The Rookie is a 2002 American sports drama film directed by John Lee Hancock and produced by Walt Disney Pictures. It is based on the true story of Jim Morris who debuted in Major League Baseball at age 35. The film stars Dennis Quaid as Morris, alongside Rachel Griffiths, Jay Hernandez, Angus T. Jones, and Brian Cox.

Plot
Jim Morris is the son of a career Navy man, who moves the family from Hollywood, Florida to Big Lake, Texas, in order to maintain job security. Jim is shown to be a skilled pitcher, though his father disapproves of Jim's dream of making it to Major League Baseball. It is later mentioned that the town to which Jim's family moved, Big Lake, has lost its love for baseball, preferring football instead. Thus, he was unable to play baseball in high school. He later gets a chance when he is drafted by the Milwaukee Brewers, but he tears up his shoulder, ending his hopes of achieving his lifelong dream.

In 1999, Jim, married with three children, is a high school science teacher, as well as head baseball coach. His team, the Big Lake Owls, is unsuccessful, with many of his players being skilled but unmotivated, especially with little community support. One day after practice, the team catcher offers to play catch with Jim. There, it is revealed that Jim may still have his fastball, and it is soon displayed to the rest of the team. The Owls believe that Jim could possibly pitch in the major leagues and offer him a deal: if the Owls can win district and make the state playoffs, Jim will try out again. He accepts their offer and, furthermore, the team urges him to throw his fastball in batting practice; this immensely improves their batting skills.

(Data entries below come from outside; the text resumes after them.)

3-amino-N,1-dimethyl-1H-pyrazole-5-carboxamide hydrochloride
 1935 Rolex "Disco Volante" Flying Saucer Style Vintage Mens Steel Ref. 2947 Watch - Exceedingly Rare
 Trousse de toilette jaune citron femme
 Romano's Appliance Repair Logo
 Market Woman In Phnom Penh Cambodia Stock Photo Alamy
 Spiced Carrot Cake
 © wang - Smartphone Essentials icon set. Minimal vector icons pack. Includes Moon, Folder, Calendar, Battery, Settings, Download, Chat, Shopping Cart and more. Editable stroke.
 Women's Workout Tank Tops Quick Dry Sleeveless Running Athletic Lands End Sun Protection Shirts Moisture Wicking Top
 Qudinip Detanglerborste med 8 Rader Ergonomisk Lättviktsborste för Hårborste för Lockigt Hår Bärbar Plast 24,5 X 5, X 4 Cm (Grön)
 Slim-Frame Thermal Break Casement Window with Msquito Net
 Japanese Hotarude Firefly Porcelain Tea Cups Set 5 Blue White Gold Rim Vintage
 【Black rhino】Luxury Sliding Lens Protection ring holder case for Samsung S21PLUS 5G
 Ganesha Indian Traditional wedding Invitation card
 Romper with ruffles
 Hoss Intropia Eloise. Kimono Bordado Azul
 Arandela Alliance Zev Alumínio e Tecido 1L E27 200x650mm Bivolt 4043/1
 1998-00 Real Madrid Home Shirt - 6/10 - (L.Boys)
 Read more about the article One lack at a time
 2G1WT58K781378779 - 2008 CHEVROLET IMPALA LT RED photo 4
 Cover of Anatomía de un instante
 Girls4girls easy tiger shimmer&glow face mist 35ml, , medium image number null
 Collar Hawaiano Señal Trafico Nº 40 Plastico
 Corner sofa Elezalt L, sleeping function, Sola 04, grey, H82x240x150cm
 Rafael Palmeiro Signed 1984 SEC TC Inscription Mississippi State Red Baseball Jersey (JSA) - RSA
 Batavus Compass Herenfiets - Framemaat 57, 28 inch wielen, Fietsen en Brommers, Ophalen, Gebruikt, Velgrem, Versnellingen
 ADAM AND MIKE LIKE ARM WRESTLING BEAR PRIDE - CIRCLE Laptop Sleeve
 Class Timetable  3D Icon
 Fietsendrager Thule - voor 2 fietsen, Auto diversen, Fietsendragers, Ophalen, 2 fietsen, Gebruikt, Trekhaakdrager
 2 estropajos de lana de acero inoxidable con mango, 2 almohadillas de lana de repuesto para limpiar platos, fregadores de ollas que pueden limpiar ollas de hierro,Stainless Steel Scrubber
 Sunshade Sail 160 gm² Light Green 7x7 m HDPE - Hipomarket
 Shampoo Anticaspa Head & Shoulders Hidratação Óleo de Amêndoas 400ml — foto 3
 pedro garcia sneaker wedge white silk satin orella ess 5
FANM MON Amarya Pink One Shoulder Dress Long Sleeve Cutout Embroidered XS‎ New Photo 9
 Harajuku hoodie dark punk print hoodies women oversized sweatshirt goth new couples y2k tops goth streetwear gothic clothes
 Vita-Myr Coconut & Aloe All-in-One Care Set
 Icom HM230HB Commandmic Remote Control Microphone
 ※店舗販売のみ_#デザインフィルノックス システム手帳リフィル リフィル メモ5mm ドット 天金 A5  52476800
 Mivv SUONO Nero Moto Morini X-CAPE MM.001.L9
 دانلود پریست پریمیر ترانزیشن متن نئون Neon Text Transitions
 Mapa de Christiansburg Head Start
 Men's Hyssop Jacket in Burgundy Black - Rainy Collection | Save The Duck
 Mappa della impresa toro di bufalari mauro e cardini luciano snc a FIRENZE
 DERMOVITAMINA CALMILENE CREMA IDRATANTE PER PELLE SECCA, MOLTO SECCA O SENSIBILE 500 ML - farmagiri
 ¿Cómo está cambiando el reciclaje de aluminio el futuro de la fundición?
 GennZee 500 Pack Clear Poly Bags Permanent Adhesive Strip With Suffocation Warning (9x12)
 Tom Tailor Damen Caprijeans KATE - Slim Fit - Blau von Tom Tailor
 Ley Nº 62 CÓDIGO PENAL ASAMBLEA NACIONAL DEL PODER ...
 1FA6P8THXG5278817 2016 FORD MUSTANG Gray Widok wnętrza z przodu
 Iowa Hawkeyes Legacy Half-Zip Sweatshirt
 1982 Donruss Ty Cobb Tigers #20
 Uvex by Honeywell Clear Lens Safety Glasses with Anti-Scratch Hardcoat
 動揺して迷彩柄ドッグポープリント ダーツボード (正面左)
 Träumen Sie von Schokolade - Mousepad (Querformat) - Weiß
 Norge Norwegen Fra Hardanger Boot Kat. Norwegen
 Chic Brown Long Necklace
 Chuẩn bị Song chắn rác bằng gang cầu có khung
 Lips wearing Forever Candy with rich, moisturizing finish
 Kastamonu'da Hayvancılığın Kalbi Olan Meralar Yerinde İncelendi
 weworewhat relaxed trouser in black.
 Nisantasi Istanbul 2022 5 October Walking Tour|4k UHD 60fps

The Owls end up winning district. Jim is told of a tryout nearby for the Tampa Bay Devil Rays, and Jim goes without telling his wife Lorri, afraid that her fear of him re-injuring his shoulder would keep him from going. After his tryout, the professional scouts discover his ability to repeatedly throw a baseball at . The lead scout tells Jim that he could be signed to a minor-league deal. Lorri finds out after getting two phone messages from the Tampa Bay scouts. Jim tells his father - with whom he still has a cold relationship - of his situation, and his father once again tries to dissuade Jim. Lorri is also reluctant to let Jim go, citing his home responsibilities, but after seeing how Jim is inspiring their son, Hunter, she allows him to go.

Jim is initially assigned to the minor league Class AA Orlando Rays, but quickly moves up to the Class AAA Durham Bulls. Concerned for his family due to mounting bills (the pay in the minor leagues being low), Jim decides to give it up and come home, but Lorri talks him out of it, not wanting Jim to give up again. Jim gets inspired again when he unexpectedly views his own interview on a television in and then watches a Little League Baseball game the same night, remembering the same love for baseball he had as a kid.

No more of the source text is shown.